The book epitomizes Holland’s approach. As the author rightly points out in the book's final pages, "the war in Italy is largely forgotten today, except for Cassino and Anzio…" Additionally, he covers in detail the poor design and execution of the campaign by both the Allies and the Germans. The result is a harrowing, brutal, and ultimately futile campaign, with casualty rates in the contending armies surpassing those of the Great War and inflicting a level of suffering on the Italian people hardly seen in other war theaters in the West.

"The Savage Storm" picks up where Holland's previous book, "Sicily '43," left off, with the retreat of Axis forces through the Messina Strait into Calabria, and concludes in December 1943 with the Allies halted at the Gustav Line in west-central Italy and at Ortona on the Adriatic coast. During this period between September and December 1943, the Allied Fifth and Eighth Armies suffered close to 35,000 losses, while the German Tenth Army endured 13,400.

The campaign faced numerous problems from the outset on the Allies’ side. The decision-making process was muddled by strategic political considerations and a significant disagreement between Britain and the US regarding where to concentrate the center of gravity in the West.
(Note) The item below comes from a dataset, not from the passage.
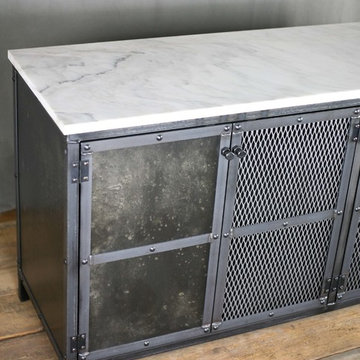 Industrial Vanity Base, Vintage Vanity, Rustic Vanity, Marble Vanity Base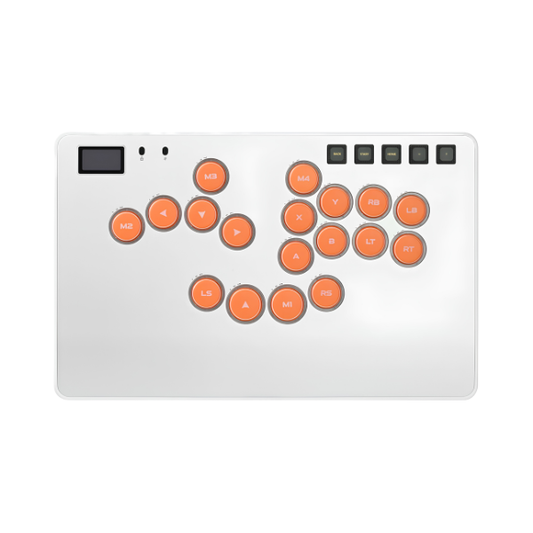 Portable Leverless Arcade Controller Magnetic CNC Silver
Political considerations included the fear of losing the initiative after Sicily if Italy was not assaulted, the presence of a powerful but inactive army in the Mediterranean, pressure from the Soviets on the Western Allies to open a second front in Europe, Prime Minister Churchill's ambition to extend British influence in the Mediterranean, British concerns that the US might prioritize the Pacific if no progress was made in Europe, and the opportunity to use Italy as a launching point for Allied air attacks on German and Austrian manufacturing centers.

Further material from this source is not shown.